A city, which stands at the crossroads of the past and the future – this was how Mayakovsky saw Moscow in 1926. A crowded, “old deaf woman”, where the “mat of the pawn” is expanding, and at the same time a completely new space is being built – another Moscow, a futuristic Stalin utopia, in which there is no place for an ordinary person from the past. And exactly to that second Moscow, and the esthetics of the early Soviet futurological optimism, the new project of Anatoly Gankevich “Fizcult-Respeckt” is devoted to.

A new series of large-format paintings is painstakingly made in the traditional for Gankevich art technique of mosaic imitation. In addition, in this exact series that pseudo-mosaic texture, referring to the classics of world sacred art, is as appropriate as possible. The new works of Gankevich are “fizcult-privet” to the esthetics of the early Soviet “spaces of rejoicing”, successfully described by Mikhail Rykin in the same-named essay. The new picturesque series by Anatoly Gankevich is a real set of quotations from the history of art of the 20th and the 30th centuries. It makes us remember the classic of the genre – the bright monumental mosaics of the Moscow metro, this communist temple-like complex, anticipating the coming happy and unbothered Tomorrow; utopian monumentalism of the VDNKh, happy faces smiling from the posters of early Soviet time and all the endless optimism of post-revolutionary culture, which has not yet managed to completely digest the avant-garde, survive the 1937 and proclaim a course for the triumph of bureaucracy and gerontophilia. In this utopian city, illustrated by Gankevich, perhaps, still live Chuk and Gek, somewhere here Timur collects his team, it is here, where all the favorite Soviet films take place – this mirrored side of totalitarianism, the ideal city of Giants, the dream, which is still feels so acutely in the Moscow architecture and monumental art of the Stalin period.

Anatoly Gankevich’s artworks are left without the typical for modern art social pathos – the artist deliberately immerses the viewer into the utopian space, dwells him with a fairy tale about the city that didn’t exist.
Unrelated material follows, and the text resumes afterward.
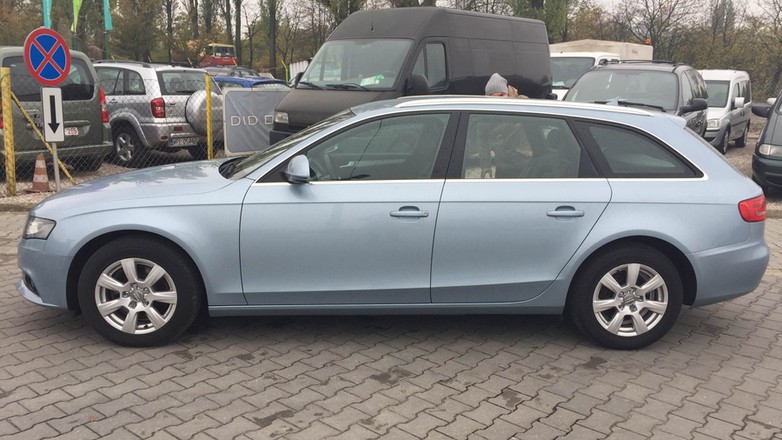 Auto z ogłoszenia: Audi A4 2.0 TDI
In his traditionally pan-esthetic work, Gankevich is far from a critical position. He prefers to feed the viewer with a positive cocktail from the elements of modern culture and the era of the rebirth of the Russian avant-garde into socialist realism. “The USSR is the birthplace of my dreams” – once Ryklin said. In Gankevich’s “beyond time” sleep, Nabokov and his beloved Lolita play tennis on the VDNH lawn, Mayakovsky carries a stick for the “bourgeois” golf on the Red Square, races on the racetrome are accompanied by a synchronous parade of air bombers, and all of the space in the paintings is lit up with not usual Moscow-bright, life-affirming light, distinctive for the artworks of early social realists, inspired by the idea of a bright communist future – such as Alexander Deineka.